# WHAT YOU WILL DO
Verbatim output of the lines below is required, with the images omitted.

=====

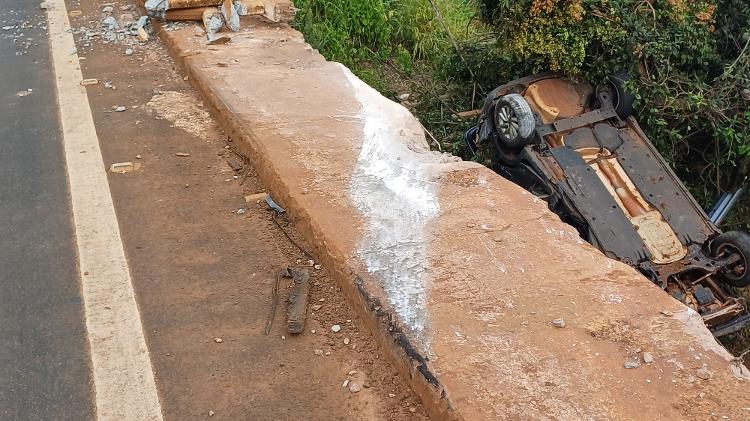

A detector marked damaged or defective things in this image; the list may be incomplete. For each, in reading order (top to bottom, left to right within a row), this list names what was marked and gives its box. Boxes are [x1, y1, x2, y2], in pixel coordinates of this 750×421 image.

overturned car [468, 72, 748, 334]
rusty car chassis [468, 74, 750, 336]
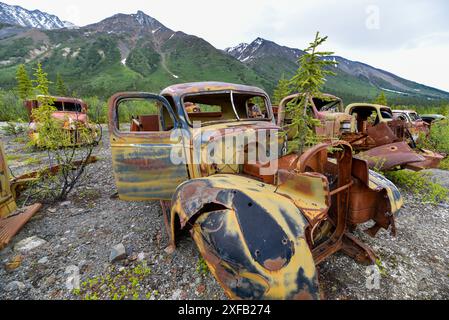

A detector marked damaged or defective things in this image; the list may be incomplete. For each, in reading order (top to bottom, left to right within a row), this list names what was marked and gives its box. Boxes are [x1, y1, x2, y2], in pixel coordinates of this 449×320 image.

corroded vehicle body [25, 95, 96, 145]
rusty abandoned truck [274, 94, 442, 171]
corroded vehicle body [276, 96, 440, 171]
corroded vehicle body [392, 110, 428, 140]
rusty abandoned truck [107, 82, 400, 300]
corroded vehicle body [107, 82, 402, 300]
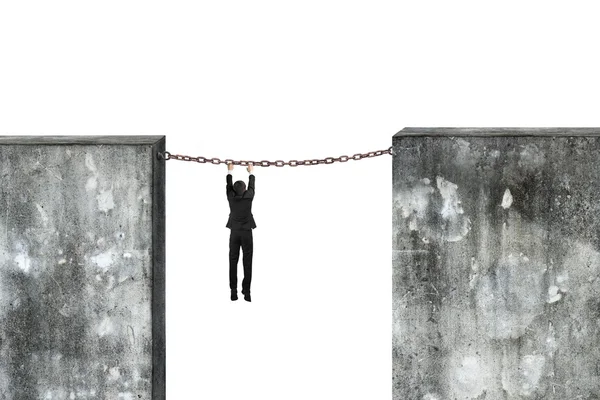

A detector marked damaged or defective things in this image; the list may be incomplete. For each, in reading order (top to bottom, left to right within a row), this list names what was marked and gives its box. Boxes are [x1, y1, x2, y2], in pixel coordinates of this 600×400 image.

=====

# RESPONSE TO THE TASK
A detector marked damaged or defective things in this image; the list may be incomplete. For each, in reading order (top to bottom, left to right within a row), this list names what was marked and gives its box. Boxes are [x1, y1, x2, y2], in pixel coordinates of this 750×421 image.

overturned car [468, 72, 748, 334]
rusty car chassis [468, 74, 750, 336]

A detector marked damaged or defective things in this image; the list may be incomplete. For each, in reading order (top to bottom, left to right within a row), this list names what was marked and gives its box. Boxes are [x1, y1, x2, y2], in pixel coordinates of this 449×320 image.

corroded vehicle body [25, 95, 96, 145]
rusty abandoned truck [274, 94, 442, 171]
corroded vehicle body [276, 96, 440, 171]
corroded vehicle body [392, 110, 428, 140]
rusty abandoned truck [107, 82, 400, 300]
corroded vehicle body [107, 82, 402, 300]

A detector marked damaged or defective things in this image; the list may be incomplete. For each, in reading order (top to bottom, left to right within a row), this list names what was marked and gives its box. Boxes are [x1, y1, x2, y2], in pixel coordinates of this 600×400 image.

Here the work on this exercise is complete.